Am angry enough for another reason as it is. I have only had my eyeglasses, which I have to have....for 8 months and they are already scratched up pretty bad on the left lense.
So, I called today to see about getting the lense replaced from the place I got them WALMART----and wanted to bring my old pair in and have the lenses replaced in them as well---only to be told they dont keep the prescriptions that long.
So, uh, How exactly were they going to replace the lense in my new pair if they dont have the prescription????
So, I have to see the eye doc and get a whole new prescription and then have one pair done at a time, so I can have a pair and a spare.
So, next Sat, the 2nd, is my family reunion....And while I am looking forward to seeing a few out of town cousins, I am not looking forward to everyone snapping up pictures to put on Facebook for all the world to tag and share and comment on with ME in them.
Part of me doesnt even want to go due to this.
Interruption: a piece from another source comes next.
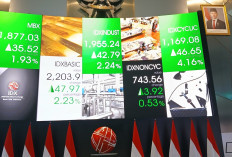 IHSG Kembali Merah di Penutupan, Saham-saham Ini Terpantau Turun Harga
But I guess I will just have to suck it up.
Hope each of you had a good day, and better than mine.
Wednesday, June 22, 2011
Almost missed it. The blog that is. Have been busy with laundry all evening. And Sparky, bowel problems again.
Had to give him an enema and let me tell you....well, never mind, you can probably guess the rest.
I just hope hes doing ok now cause I sure dont want to have to take him to the vet again, if I do, I am going someplace new.
He seems to feel ok, he doesnt drink as much water as I think he should, not with this heat.
But I am watching him closely and hoping this enema and the dulcolax I gave him today will keep him on track.
Am feeding him soft food with pumpkin and no treats.
I didnt get in a workout today. I have pretty much made a decision in my life...I just dont see myself having positive results without some surgical intervention.
I have been at the same weight for nearly 3 years, give or take a pound here or there, and not going down any.
So, the decision is one I have been dwelling on, and thinking over and deciding on for about 2 years and its been made, and I will be having lap band surgery in about 3 or 4 weeks.
Never ever ever let anyone say it is the easy way out, cause it wasnt easy to do from the first moment I decided to embark on it.
I feel pretty good about it....I know it wont be an easy road, but nothing about this has been easy.
But I know it will ultimately get me to my goal weight alot faster, and to get my BMI down to under 40, which is where it has to be for me to get approval for my breast reduction surgery to ease this neverending back pain.
I hope I will get positive feedback, I know not everyone will agree, and some will say I am copping out.
I am scared, but I am more scared of never losing weight and always having high blood pressure, back pain, and getting heavier and dying at an early age.
So, upon weighing the options, I am happy with my decision.